DATA EXTRACTS: Begin
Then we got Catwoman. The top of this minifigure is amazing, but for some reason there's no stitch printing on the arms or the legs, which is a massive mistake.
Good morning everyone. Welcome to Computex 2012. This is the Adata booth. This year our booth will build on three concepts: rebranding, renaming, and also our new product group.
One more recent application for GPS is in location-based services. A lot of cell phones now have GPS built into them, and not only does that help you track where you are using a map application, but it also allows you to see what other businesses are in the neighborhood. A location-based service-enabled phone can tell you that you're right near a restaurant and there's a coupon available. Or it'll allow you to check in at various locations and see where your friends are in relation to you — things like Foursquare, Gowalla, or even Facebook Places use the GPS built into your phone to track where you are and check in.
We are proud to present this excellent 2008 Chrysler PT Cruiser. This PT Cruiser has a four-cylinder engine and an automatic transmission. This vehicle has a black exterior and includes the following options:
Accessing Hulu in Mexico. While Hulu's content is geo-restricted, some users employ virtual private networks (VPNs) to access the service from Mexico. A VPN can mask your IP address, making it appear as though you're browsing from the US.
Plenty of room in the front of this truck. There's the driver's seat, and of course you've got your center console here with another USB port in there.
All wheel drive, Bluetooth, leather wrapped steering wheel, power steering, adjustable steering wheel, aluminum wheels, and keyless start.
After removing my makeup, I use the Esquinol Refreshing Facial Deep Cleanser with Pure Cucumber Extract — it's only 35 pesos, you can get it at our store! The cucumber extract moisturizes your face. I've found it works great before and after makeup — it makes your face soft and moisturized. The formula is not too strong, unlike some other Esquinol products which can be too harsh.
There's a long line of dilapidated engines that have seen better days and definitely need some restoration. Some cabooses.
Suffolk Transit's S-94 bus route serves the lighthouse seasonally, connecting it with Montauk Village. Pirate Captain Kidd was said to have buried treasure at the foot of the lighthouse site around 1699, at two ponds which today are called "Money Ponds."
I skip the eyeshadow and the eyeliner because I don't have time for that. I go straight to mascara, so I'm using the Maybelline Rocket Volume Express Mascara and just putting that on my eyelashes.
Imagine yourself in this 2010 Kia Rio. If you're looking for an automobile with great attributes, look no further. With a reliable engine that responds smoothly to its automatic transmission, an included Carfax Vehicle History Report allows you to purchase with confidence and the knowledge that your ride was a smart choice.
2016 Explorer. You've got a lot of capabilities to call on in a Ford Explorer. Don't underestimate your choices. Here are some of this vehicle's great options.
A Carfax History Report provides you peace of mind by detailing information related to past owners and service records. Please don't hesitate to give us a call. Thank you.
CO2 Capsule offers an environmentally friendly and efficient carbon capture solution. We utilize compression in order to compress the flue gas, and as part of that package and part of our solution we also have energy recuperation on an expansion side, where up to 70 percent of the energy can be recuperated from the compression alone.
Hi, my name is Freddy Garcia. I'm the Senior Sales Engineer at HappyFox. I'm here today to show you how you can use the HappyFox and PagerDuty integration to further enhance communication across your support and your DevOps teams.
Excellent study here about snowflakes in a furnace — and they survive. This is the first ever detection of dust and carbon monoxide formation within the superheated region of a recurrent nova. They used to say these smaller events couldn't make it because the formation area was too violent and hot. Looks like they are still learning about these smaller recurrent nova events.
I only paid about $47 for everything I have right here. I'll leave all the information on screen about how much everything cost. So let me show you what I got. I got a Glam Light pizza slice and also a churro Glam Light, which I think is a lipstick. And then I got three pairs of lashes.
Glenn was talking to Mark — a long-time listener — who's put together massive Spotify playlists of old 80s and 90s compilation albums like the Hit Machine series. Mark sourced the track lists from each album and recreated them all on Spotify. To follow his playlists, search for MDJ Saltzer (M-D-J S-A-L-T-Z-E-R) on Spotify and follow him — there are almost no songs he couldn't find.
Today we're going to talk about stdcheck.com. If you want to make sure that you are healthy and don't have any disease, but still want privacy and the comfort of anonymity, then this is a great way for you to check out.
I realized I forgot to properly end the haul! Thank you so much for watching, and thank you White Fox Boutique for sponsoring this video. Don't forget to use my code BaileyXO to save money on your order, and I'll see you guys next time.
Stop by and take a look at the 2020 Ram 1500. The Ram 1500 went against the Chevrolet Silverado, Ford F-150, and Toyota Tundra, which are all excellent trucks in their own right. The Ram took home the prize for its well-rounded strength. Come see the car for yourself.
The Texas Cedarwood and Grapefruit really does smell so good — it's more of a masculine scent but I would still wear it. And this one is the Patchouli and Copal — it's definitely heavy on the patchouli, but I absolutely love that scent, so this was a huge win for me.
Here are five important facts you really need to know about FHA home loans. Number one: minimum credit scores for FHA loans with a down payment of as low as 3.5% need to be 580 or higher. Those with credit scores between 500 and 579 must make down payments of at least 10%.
DATA EXTRACTS: End
Return all of the data above verbatim.

RESPONSE BELOW:
Then we got Catwoman. The top of this minifigure is amazing, but for some reason there's no stitch printing on the arms or the legs, which is a massive mistake.
Good morning everyone. Welcome to Computex 2012. This is the Adata booth. This year our booth will build on three concepts: rebranding, renaming, and also our new product group.
One more recent application for GPS is in location-based services. A lot of cell phones now have GPS built into them, and not only does that help you track where you are using a map application, but it also allows you to see what other businesses are in the neighborhood. A location-based service-enabled phone can tell you that you're right near a restaurant and there's a coupon available. Or it'll allow you to check in at various locations and see where your friends are in relation to you — things like Foursquare, Gowalla, or even Facebook Places use the GPS built into your phone to track where you are and check in.
We are proud to present this excellent 2008 Chrysler PT Cruiser. This PT Cruiser has a four-cylinder engine and an automatic transmission. This vehicle has a black exterior and includes the following options:
Accessing Hulu in Mexico. While Hulu's content is geo-restricted, some users employ virtual private networks (VPNs) to access the service from Mexico. A VPN can mask your IP address, making it appear as though you're browsing from the US.
Plenty of room in the front of this truck. There's the driver's seat, and of course you've got your center console here with another USB port in there.
All wheel drive, Bluetooth, leather wrapped steering wheel, power steering, adjustable steering wheel, aluminum wheels, and keyless start.
After removing my makeup, I use the Esquinol Refreshing Facial Deep Cleanser with Pure Cucumber Extract — it's only 35 pesos, you can get it at our store! The cucumber extract moisturizes your face. I've found it works great before and after makeup — it makes your face soft and moisturized. The formula is not too strong, unlike some other Esquinol products which can be too harsh.
There's a long line of dilapidated engines that have seen better days and definitely need some restoration. Some cabooses.
Suffolk Transit's S-94 bus route serves the lighthouse seasonally, connecting it with Montauk Village. Pirate Captain Kidd was said to have buried treasure at the foot of the lighthouse site around 1699, at two ponds which today are called "Money Ponds."
I skip the eyeshadow and the eyeliner because I don't have time for that. I go straight to mascara, so I'm using the Maybelline Rocket Volume Express Mascara and just putting that on my eyelashes.
Imagine yourself in this 2010 Kia Rio. If you're looking for an automobile with great attributes, look no further. With a reliable engine that responds smoothly to its automatic transmission, an included Carfax Vehicle History Report allows you to purchase with confidence and the knowledge that your ride was a smart choice.
2016 Explorer. You've got a lot of capabilities to call on in a Ford Explorer. Don't underestimate your choices. Here are some of this vehicle's great options.
A Carfax History Report provides you peace of mind by detailing information related to past owners and service records. Please don't hesitate to give us a call. Thank you.
CO2 Capsule offers an environmentally friendly and efficient carbon capture solution. We utilize compression in order to compress the flue gas, and as part of that package and part of our solution we also have energy recuperation on an expansion side, where up to 70 percent of the energy can be recuperated from the compression alone.
Hi, my name is Freddy Garcia. I'm the Senior Sales Engineer at HappyFox. I'm here today to show you how you can use the HappyFox and PagerDuty integration to further enhance communication across your support and your DevOps teams.
Excellent study here about snowflakes in a furnace — and they survive. This is the first ever detection of dust and carbon monoxide formation within the superheated region of a recurrent nova. They used to say these smaller events couldn't make it because the formation area was too violent and hot. Looks like they are still learning about these smaller recurrent nova events.
I only paid about $47 for everything I have right here. I'll leave all the information on screen about how much everything cost. So let me show you what I got. I got a Glam Light pizza slice and also a churro Glam Light, which I think is a lipstick. And then I got three pairs of lashes.
Glenn was talking to Mark — a long-time listener — who's put together massive Spotify playlists of old 80s and 90s compilation albums like the Hit Machine series. Mark sourced the track lists from each album and recreated them all on Spotify. To follow his playlists, search for MDJ Saltzer (M-D-J S-A-L-T-Z-E-R) on Spotify and follow him — there are almost no songs he couldn't find.
Today we're going to talk about stdcheck.com. If you want to make sure that you are healthy and don't have any disease, but still want privacy and the comfort of anonymity, then this is a great way for you to check out.
I realized I forgot to properly end the haul! Thank you so much for watching, and thank you White Fox Boutique for sponsoring this video. Don't forget to use my code BaileyXO to save money on your order, and I'll see you guys next time.
Stop by and take a look at the 2020 Ram 1500. The Ram 1500 went against the Chevrolet Silverado, Ford F-150, and Toyota Tundra, which are all excellent trucks in their own right. The Ram took home the prize for its well-rounded strength. Come see the car for yourself.
The Texas Cedarwood and Grapefruit really does smell so good — it's more of a masculine scent but I would still wear it. And this one is the Patchouli and Copal — it's definitely heavy on the patchouli, but I absolutely love that scent, so this was a huge win for me.
Here are five important facts you really need to know about FHA home loans. Number one: minimum credit scores for FHA loans with a down payment of as low as 3.5% need to be 580 or higher. Those with credit scores between 500 and 579 must make down payments of at least 10%.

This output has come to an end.